Tandis que la firme de Mountain View pousse plus loin l’intégration de l’IA, la place accordée aux éditeurs dans son écosystème semble de plus en plus marginale. Une bascule qui ne fait plus l’ombre d’un doute.
Une cohabitation sous tension
Pendant des années, Google a été le nerf de la guerre pour les éditeurs web, leur envoyant un flux constant de visiteurs depuis son moteur de recherche. Mais à en croire plusieurs anciens dirigeants, ce modèle ne serait plus vraiment dans les plans. L’un d’eux, interrogé dans un article de Bloomberg consacré à Elizabeth Reid (VP Search), résume bien l’état d’esprit : rediriger vers les éditeurs serait perçu comme « un mal nécessaire ». Autrement dit, un compromis, pas un objectif.
Le cœur du problème est là : plus Google retient les utilisateurs sur ses pages, moins ces derniers se rendent sur les sites tiers. Et ce n’est plus seulement une hypothèse.
Requêtes visuelles et vocales : la nouvelle donne
Elizabeth Reid prédit une mutation en profondeur : la barre de recherche elle-même perdrait de sa centralité. À sa place ? La voix, l’image, et des résultats instantanés, sans clics. Une tendance qui s’impose avec la montée en puissance des assistants vocaux comme Google Assistant ou Alexa, mais aussi grâce à des fonctionnalités visuelles intégrées à la caméra des smartphones.
Cette orientation renforce la mainmise de Google sur l’expérience utilisateur, en la rendant plus directe, plus intuitive… mais aussi plus fermée. Rajan Patel, autre dirigeant clé, évoque des cas d’usage concrets : apprentissage, consommation, navigation quotidienne.

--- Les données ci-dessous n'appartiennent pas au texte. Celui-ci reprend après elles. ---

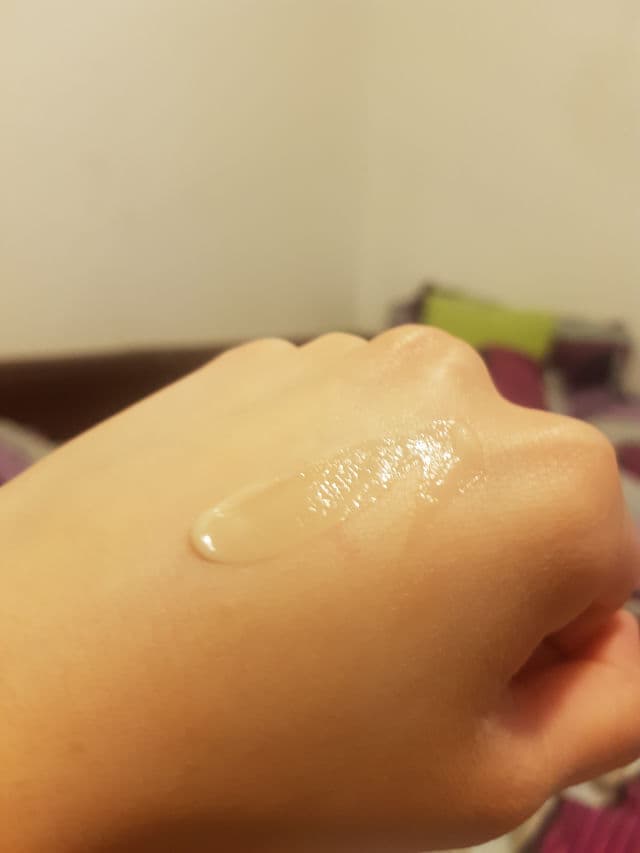 IMIM Acne Repairing Treatment review photo by clumpsymai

Des cas où l’utilisateur n’a même plus besoin de sortir de l’environnement Google pour obtenir ce qu’il cherche.
L’IA, catalyseur d’un changement de paradigme
Avec l’intégration progressive de l’intelligence artificielle dans son moteur de recherche, Google franchit une étape supplémentaire. Les résumés générés automatiquement, les réponses enrichies, les suggestions prédictives : autant d’outils qui transforment la recherche en une expérience fermée et proactive, où l’utilisateur n’a plus besoin de cliquer pour obtenir une réponse.
Google assure que ces innovations sont encore expérimentales et potentiellement faillibles, mais le cap est donné. L’enjeu est double : améliorer la fidélisation… tout en réduisant la dépendance au web ouvert.
Un soutien de façade au web libre ?
Officiellement, Google continue de défendre un internet ouvert. Sundar Pichai et d’autres responsables l’ont martelé à plusieurs reprises, notamment lors du Search Central Live de New York : le trafic de qualité vers les sites tiers resterait une priorité. Mais en coulisse, les témoignages d’anciens employés viennent nuancer cette posture.
Entre la volonté affichée de soutenir les éditeurs et les mécanismes internes qui favorisent la rétention dans l’écosystème Google, l’écart se creuse. Et les tensions augmentent.